Lecture by Prof. Mark Jobling @ University of Leicester, LE1 7RH on the 05/03/2010
The tra gene is the shortened name for the transformer gene which encodes a protein called transformer. Transformer is a key regulator for sex determination; it prevents male-specific genes being expressed (produced) in female flies and vice versa.
If the female specific genes are not inhibited by the transformer, as was the case here, the male turns into a female.

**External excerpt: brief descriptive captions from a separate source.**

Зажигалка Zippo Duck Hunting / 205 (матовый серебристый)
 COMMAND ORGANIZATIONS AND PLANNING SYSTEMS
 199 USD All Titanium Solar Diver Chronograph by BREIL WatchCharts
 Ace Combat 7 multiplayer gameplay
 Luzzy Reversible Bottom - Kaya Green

This slide just shows that every somatic cell (somatic means body cell) determine sex independently. So you can have a male cell next to a female cell. In this experiment the tra gene (sex determining gene) was mutated (changed) in the brain and the fly ‘thought’ like a female even though the rest of it was a male fly (neurons are altered which are involved in senses- smell).
Neurons are components of nerves; you have lots of neurons in a single nerve. Think of miniature versions of the spine, long and carry impulses (signals) to different parts of a tissue or along the length of the body. The smells would create an impulse like in reflexes (doctor taps knee and you kick – knee jerk reaction).
NOTE:
Olfactory means smells; I think he’s saying that the mutation in the tra gene indirectly brought about a change in a protein which is affected by the tra gene product (transformer protein). Most things in the body have a chain of events before you get a final product, so you produce one protein that affects another, which affects another until you get the final product. Here an olfactory protein that detects pheromones may have been affected by the tra mutation and the fly detects pheromones like a female fly...maybe.